Forcing SQL Server to pre-cache entire database in

2019-01-30 19:37发布

We have a client site with a 50Gb SQL 2012 database on a server with 100+ Gb of RAM.

As the application is used, SQL server does a great job of caching the db into memory but the performance increase from the caching occurs the SECOND time a query is run, not the first.

To try to maximize cache hits the first time queries are run, we wrote a proc that iterates through every index of every table within the entire DB, running this:

SELECT * INTO #Cache 
FROM ' + @tablename + ' WITH (INDEX (' + @indexname + '))'

In an attempt to force a big, ugly, contrived read for as much data as possible. We have it scheduled to run every 15 minutes, and it does a great job in general.

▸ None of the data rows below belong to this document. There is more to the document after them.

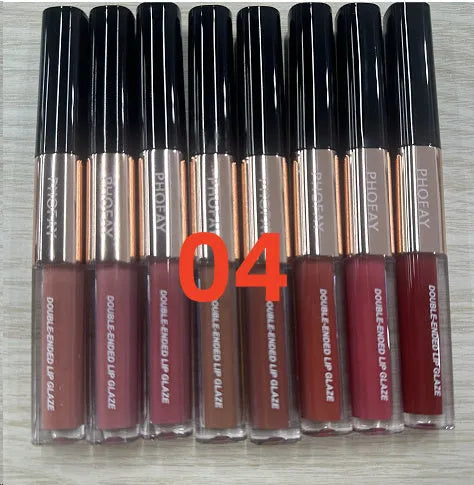 C-L021 double-ended lip gloss with non-stick applicator, showing two different colour tips.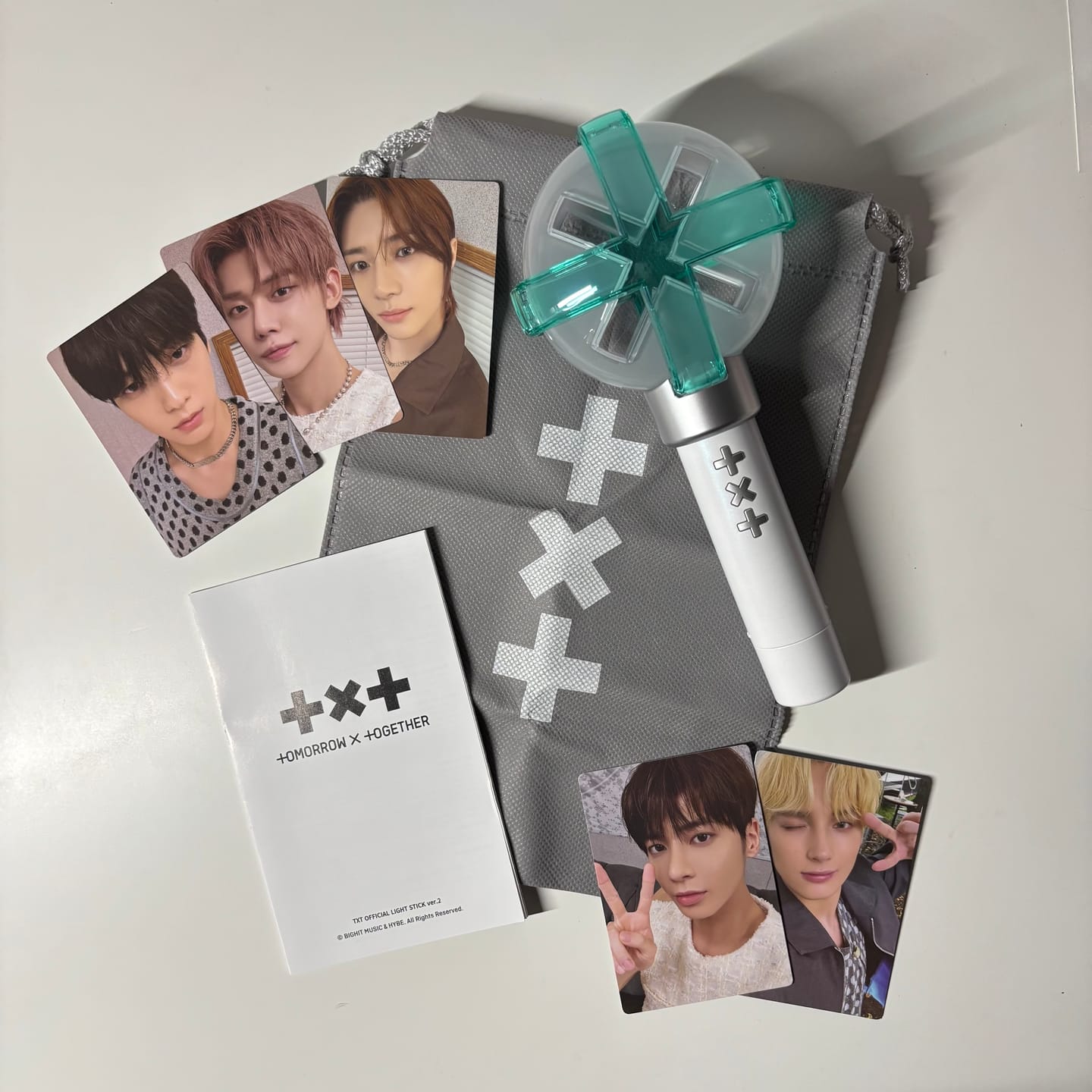 Customer photo review of TXT - OFFICIAL LIGHT STICK VER.2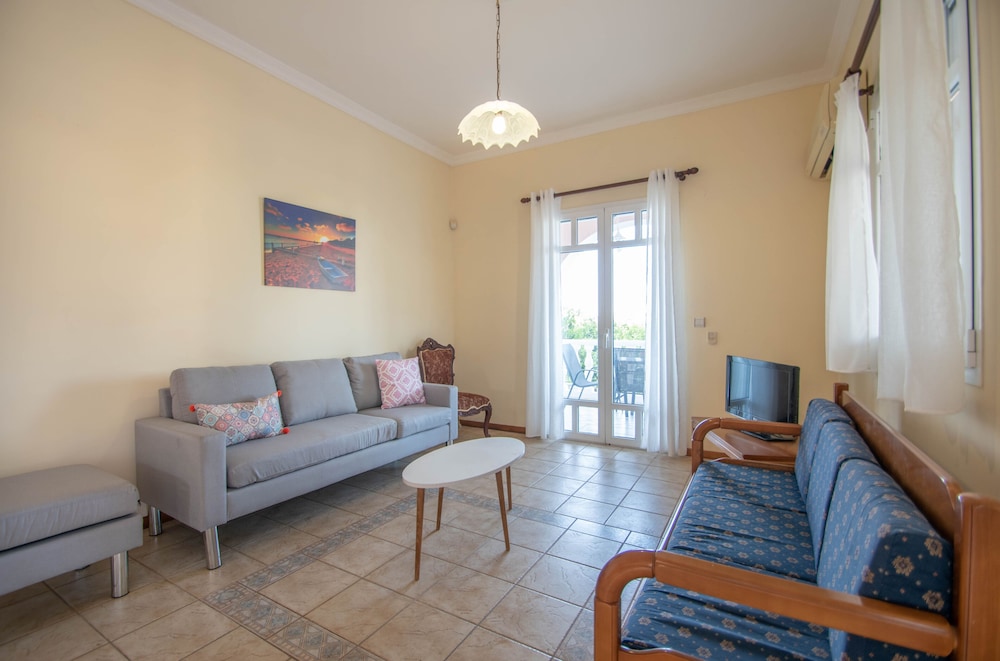 Andelica Holiday Villa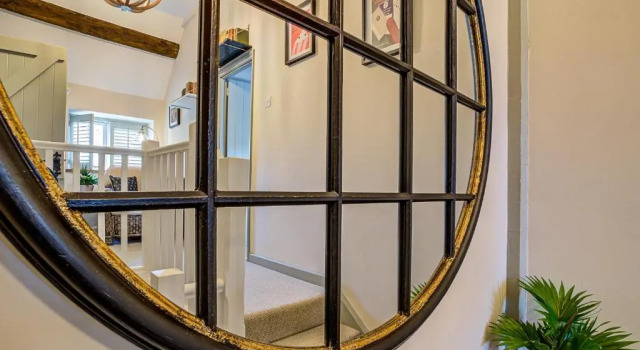 Two linked cottages sleeps 10 Cotswold town centre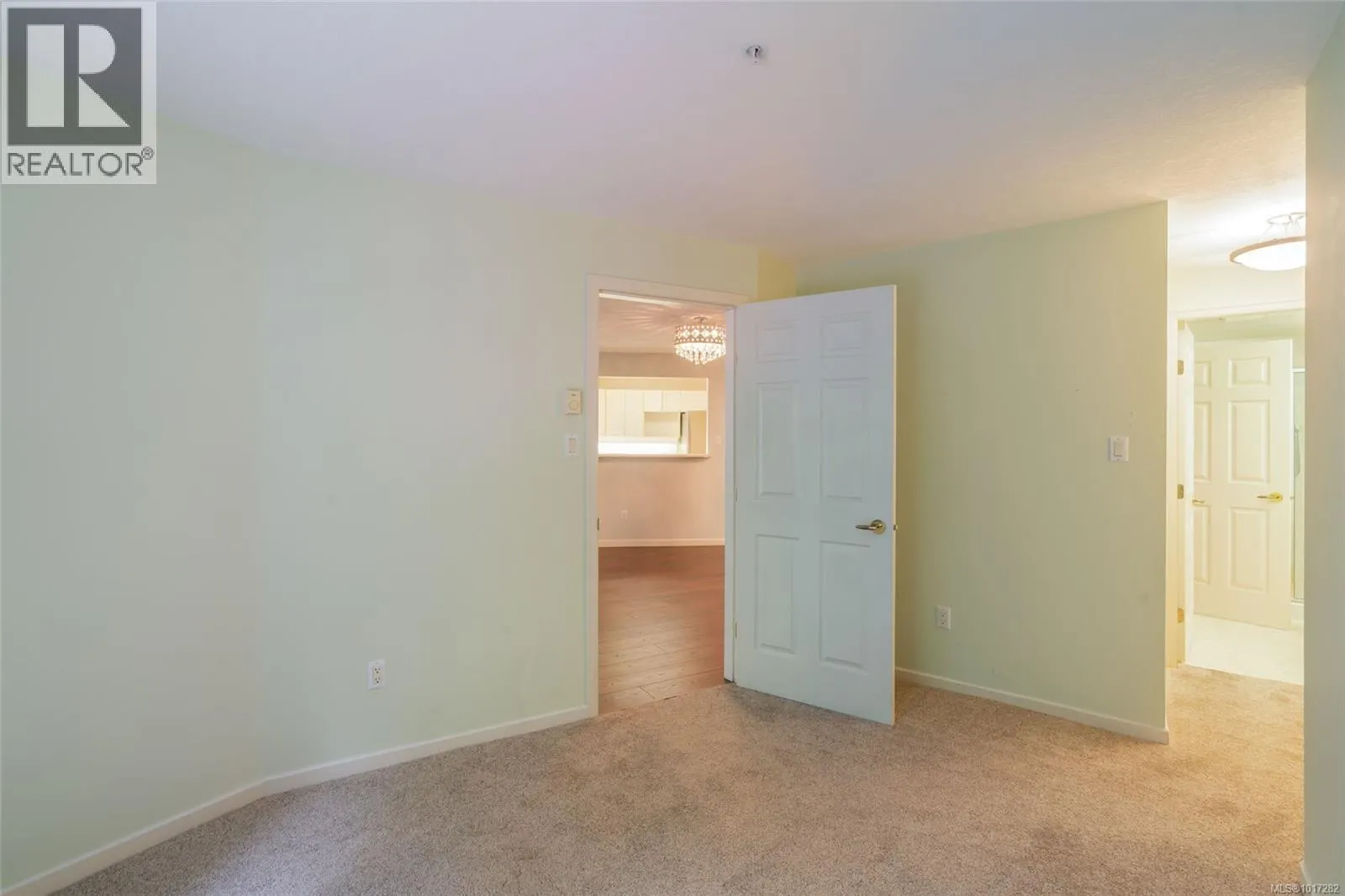 209 5620 Edgewater Lane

Without debating other bottlenecks, hardware specs, query plans, or query optimization, does anybody have any better ideas about how to accomplish this same task?

UPDATE
Thanks for the suggestions. Removed the "INTO #Cache". Tested & it didn't make a difference on filling the buffer.
Added: Instead of Select *, I'm selecting ONLY the keys from the Index. This (obviously) is more to-the-point and is much faster.
Added: Read & Cache Constraint Indexes also.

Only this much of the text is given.